SE : Que diriez-vous d'un modèle dans lequel vous faites entretenir votre voiture et remplacez les chiplets ?

de Geus: Cela vient avec une multitude de logiciels à écrire. La vérification de tout cela pour des raisons de sécurité va être un grand défi. C'est notre travail en tant qu'industrie de haute technologie depuis le tout début. Les gens veulent continuer à croire que les puces seront toujours irréprochables, et la réalité est que ce n’est pas le cas.

SE : L’industrie des puces doit-elle donc évoluer vers la résilience plutôt que vers l’absence de bugs ?

de Geus: La résilience, c'est bien, mais la redondance coûte cher.

SE : Dans le passé, vous avez souligné les contiguïtés comme étant le point d'expansion logique pour les fournisseurs d'EDA. Est-ce toujours le cas?

de Geus: Le défi est de trouver des points communs. Notre travail consiste à faire progresser la technologie, mais en même temps à la faire évoluer pour des partenaires un peu différents. Depuis plus d'une décennie, nous avons développé une collection de propriété intellectuelle avant tout pour TSMC, car elle était de loin la plus grande. Mais c'est la même collection désormais utilisée pour Intel et Samsung. C'est très important pour les clients finaux, car ils peuvent concevoir avec les mêmes cœurs et décider où ils vont en matière de silicium, ce qui réduit les risques. Nous sommes donc tranquillement à la fois un point commun et aussi un instrument de leur différenciation. Prenons l’exemple de la fourniture d’énergie par l’arrière. Intel a pris la tête de ce projet et nous avons procédé à quelques optimisations il y a environ 24 mois. J'ai vu il y a 24 mois : « Oh, ça va être cool ».

SE : Vous contournez tout un tas de couches métalliques avec cette approche, sans parler de la réduction du bruit, n'est-ce pas ?

de Geus: Exactement. C'est comme si, au lieu de faire passer une conduite d'eau dans votre salon, vous pouviez la mettre dans le sol.
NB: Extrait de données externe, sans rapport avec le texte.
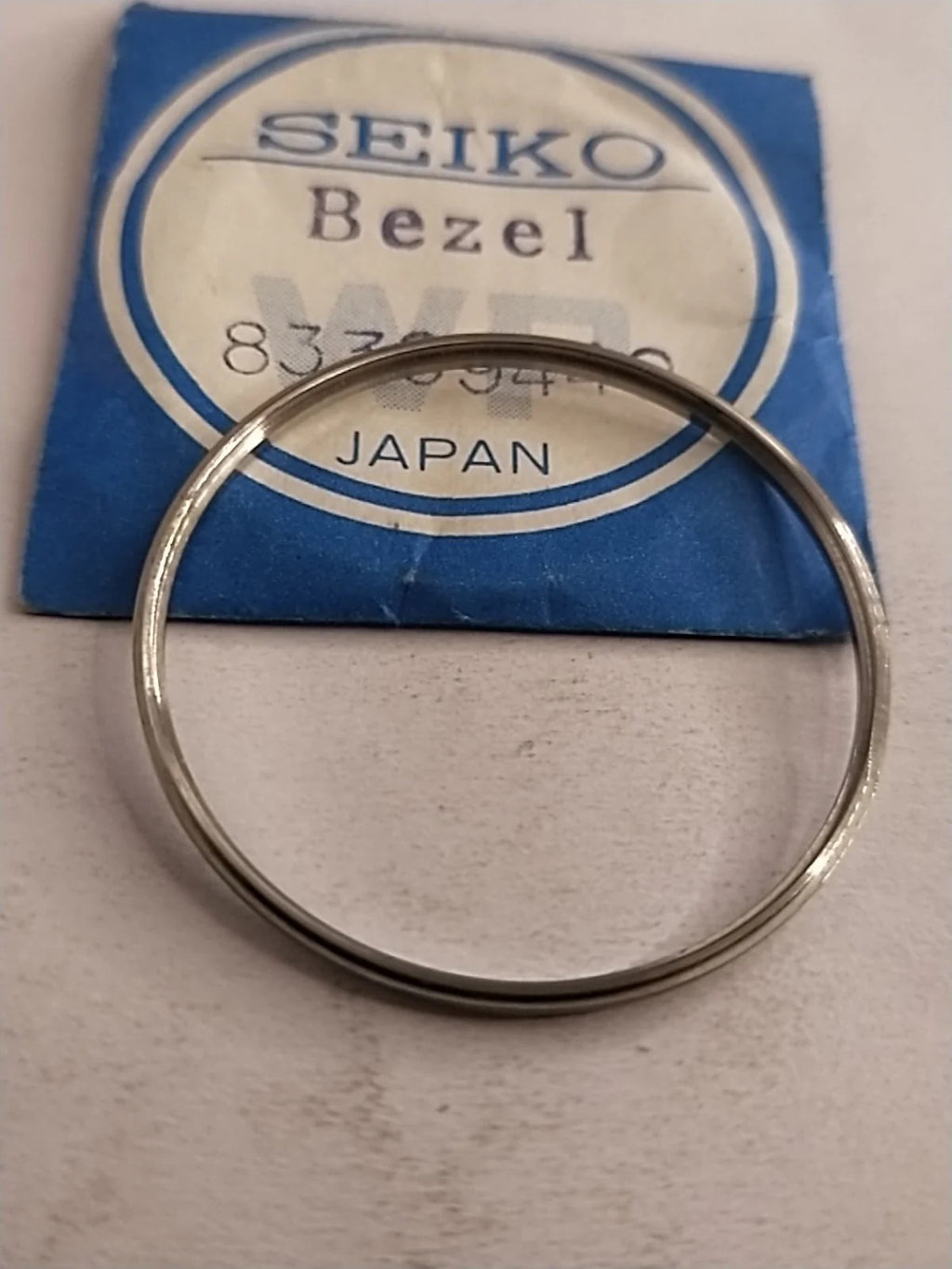NOS Seiko original Bezel / Part 8336 9449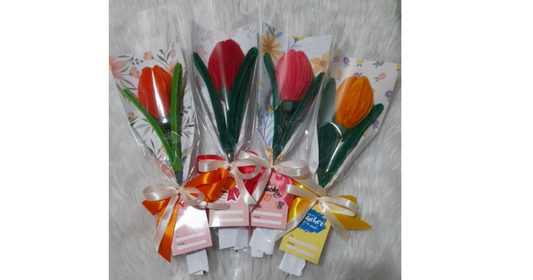 Single Flower Bouquet Made of Fuzzy Wires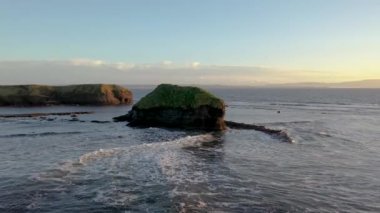 Donegal, İrlanda 'da Mountcharles' ın güzel kartallar yuvası..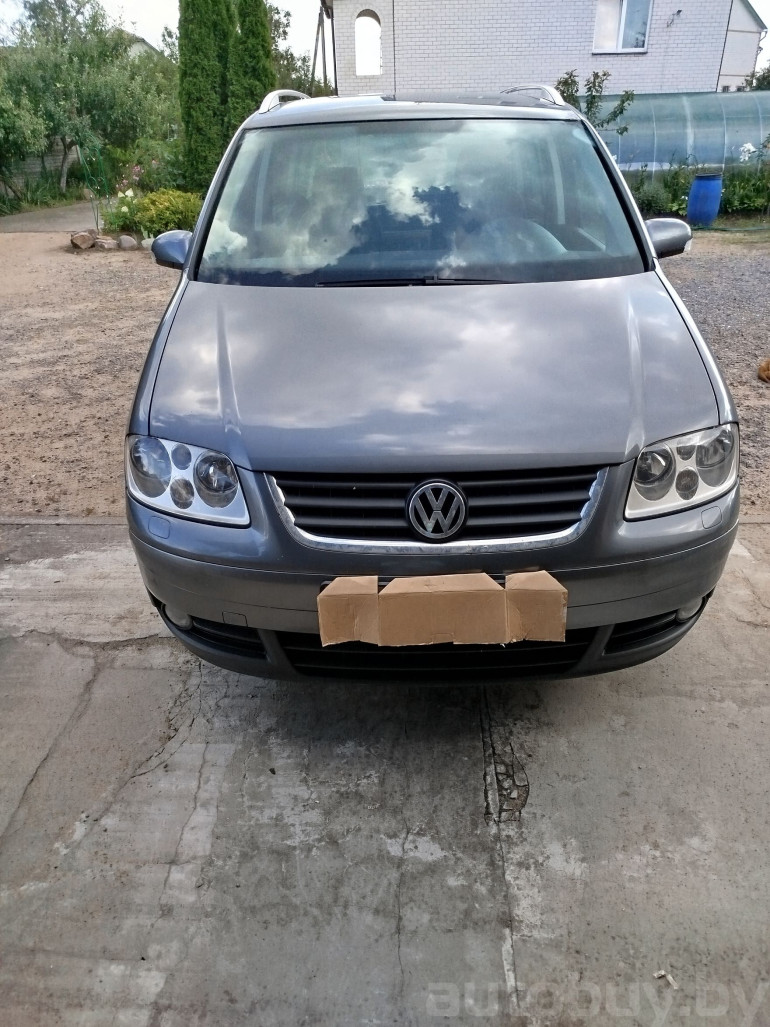 Volkswagen Touran 1 поколение, 2005 года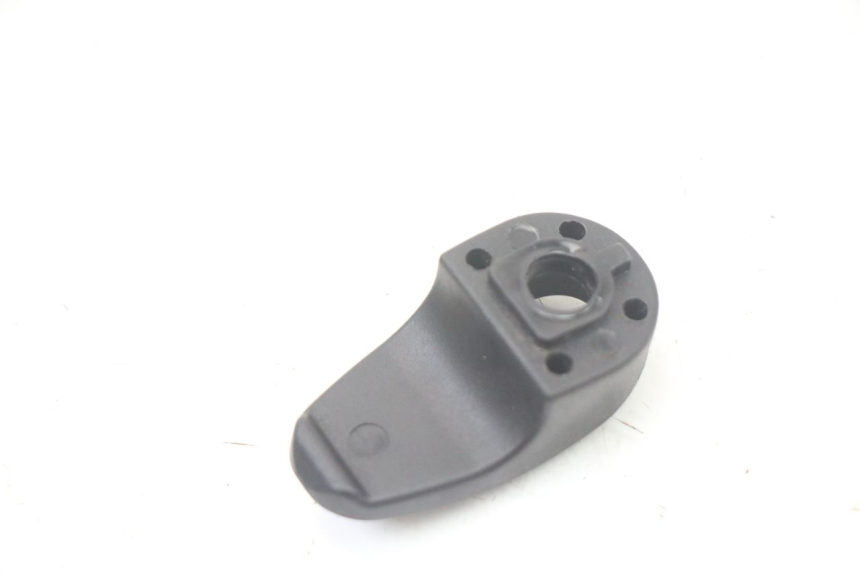 photo de GANCHO BOLSA PEUGEOT TWEET 4T 50 (2023 - 2025) - Zoom estado de uso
C'est toute une question de technonomie.

SE : C'est aussi une industrie évolutive, n'est-ce pas ? Chaque nouvelle étape est construite sur autre chose.

de Geus: On oublie l'unique leçon apprise en 1997, qui est que rien ne fonctionne au niveau des capacités. C'est pourquoi tous nos clients veulent ce qu'il y a de plus avancé, mais ne changent rien.

SE : Compte tenu de tout cela, comment Synopsys se voit-il ces jours-ci ? Est-ce une société EDA ou autre chose ?

de Geus: Nous sommes toujours au cœur de la haute technologie, car nous touchons aux parties de l'exponentiel qui évoluent le plus rapidement, tout en étant à la fois acteur et client de l'équivalent côté logiciel, c'est-à-dire tout le développement de la super IA. . Nous sommes passés d’une complexité d’échelle à une complexité systémique, car la complexité systémique est plus multidimensionnelle et implique davantage de parties. C'est la différence entre la complexité additive et la complexité multiplicative. Avec le multiplicatif, s’il y a un seul zéro, nous obtenons tous zéro. Peu importe si c'est la machine qui pose la puce sur la carte et plie une broche. Peu importe le nombre d'angströms sur lequel vous travaillez, la broche pliée ne se connecte pas. Vous devez devenir meilleur dans le jeu en équipe. Nous passons d'un petit groupe à un plus grand orchestre, mais les trompettes doivent toujours intervenir en même temps que les tambours.